A California landlord has been ordered to pay more than $2 million, following a sexual harassment lawsuit that alleged he harassed female tenants and prospective tenants.

Among the complaints lodged against the landlord:

–He made unwelcome sexual advances and sexually-charged comments;
–He exposed his genitals to female tenants;
–He touched female tenants and prospective female tenants without their consent;
–He routinely denied housing to women on the basis of sex;
–He punished women who refused his sexual advances.

This was a landlord who has been in the business approximately 30 years, so although 25 victims have been identified, there are likely more who haven’t come forward.

Though certain criminal charges could likely have been applied, the case was prosecuted civilly under the U.S. Fair Housing Act.

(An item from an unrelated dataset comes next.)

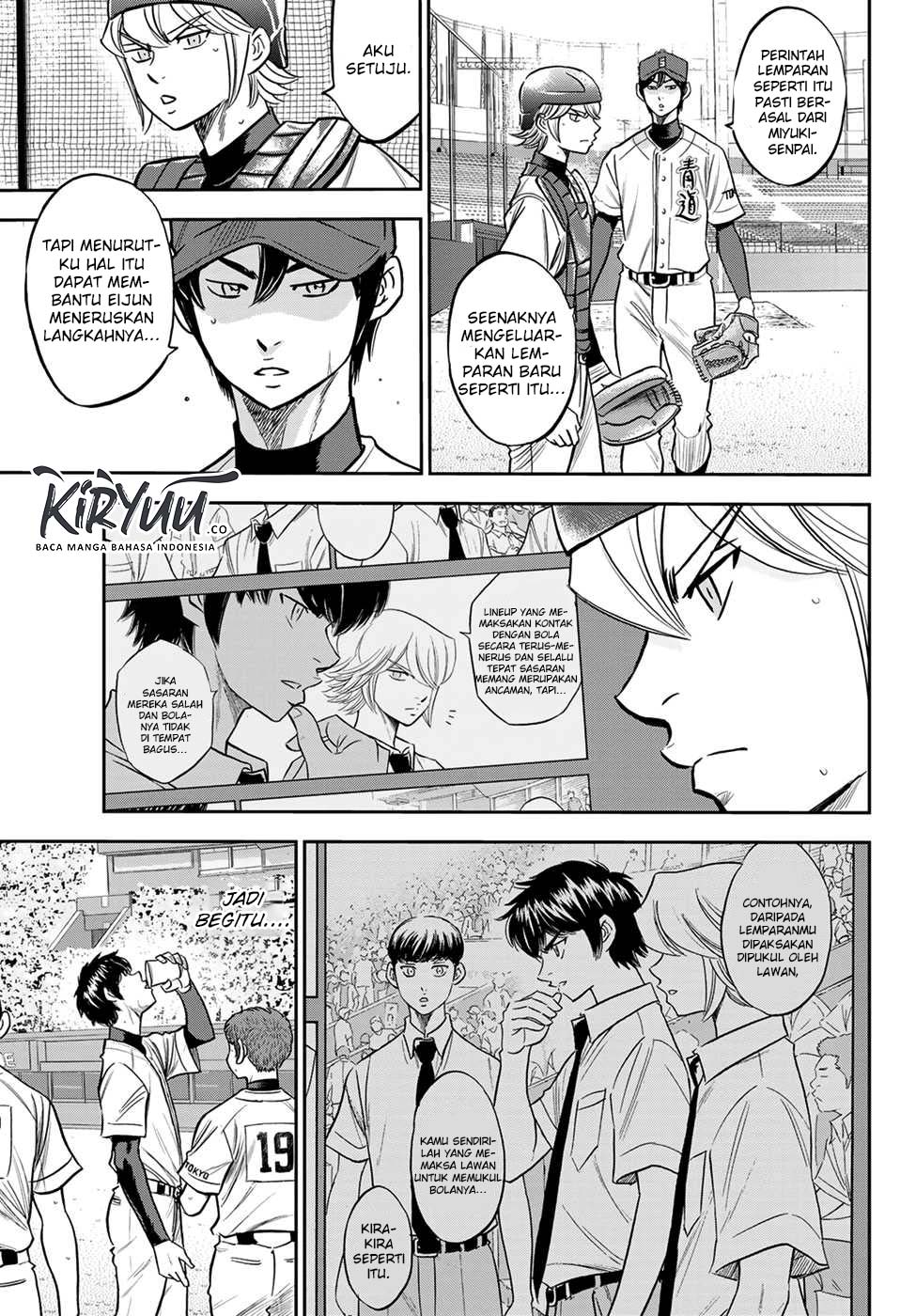 Chapter 226 - halaman 6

Under 42 U.S.C. 3601-3619, the Fair Housing Act, it’s considered a violation to discriminate on the basis of sex. Sexual discrimination can be the result of sexual harassment, which is defined as either:

–A quid pro quo situation, in which a housing provider conditions access to or retention of housing or related services to a person’s submission to a sexual act or conduct;

–A hostile environment of sexual harassment, in which a housing provider engages in sexual behavior of such a severity that it can be considered offensive, hostile, intimidating or undesirable.

Such a claim can be filed, regardless of whether an individual actually lost their home or some other tangible item as a result of the harassment.

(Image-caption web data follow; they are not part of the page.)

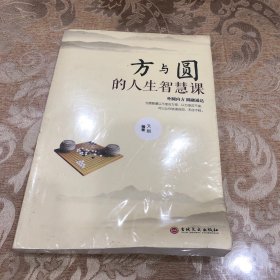 方与圆的人生智慧课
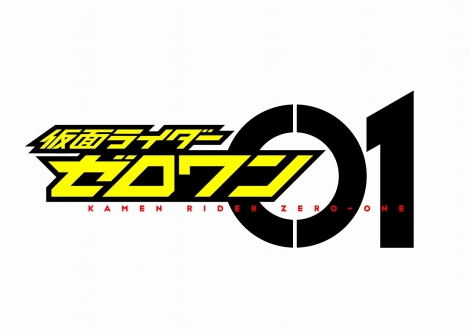 画像 写真 人気俳優への登竜門 仮面ライダー 配役のポイントは即戦力より 将来性 6枚目 Oricon News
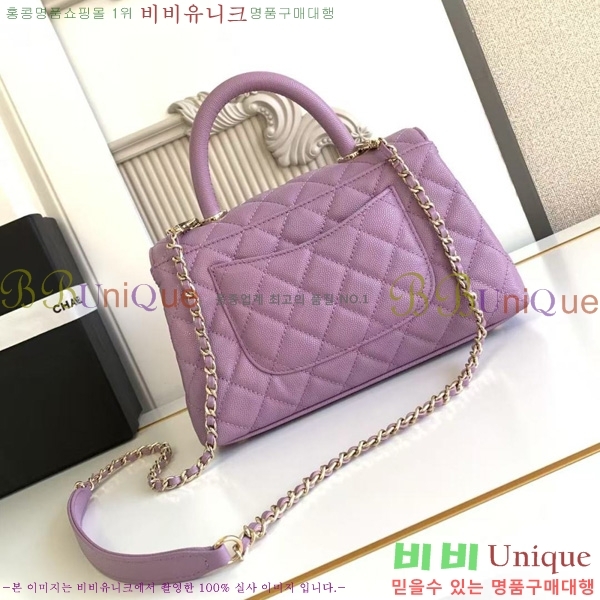 #* ڵ  ÷ 92990-257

In this case, this settlement is actually the largest ever under the Fair Housing Act. The landlord will be required to spend a little over $2 million to the 25 complainants, as well as another $55,000 civil penalty to the U.S. government for violation of federal law. He will also have to pay attorneys’ fees for two of the plaintiffs, who filed their cases privately, outside of the Justice Department suit.

Additionally, if he intends to remain in the rental business, he will have to hire an independent manager in order to manage his rental properties. He will also be extremely limited in the type and extent of contact he may have with his current and future tenants.

As the assistant attorney general was quoted as saying, women – and all tenants – have the unquestionable right to fell safe in their own homes. They should never feel that they must endure sexual harassment just because they and their families need shelter.

There is no doubt that the reason these egregious abuses went on as long as they did was because the women who were victimized felt they had nowhere to turn. They needed affordable housing. Maybe they felt they wouldn’t be believed. Maybe they could not afford to move.

Such conduct is not acceptable in the workplace, and it certainly isn’t acceptable at home.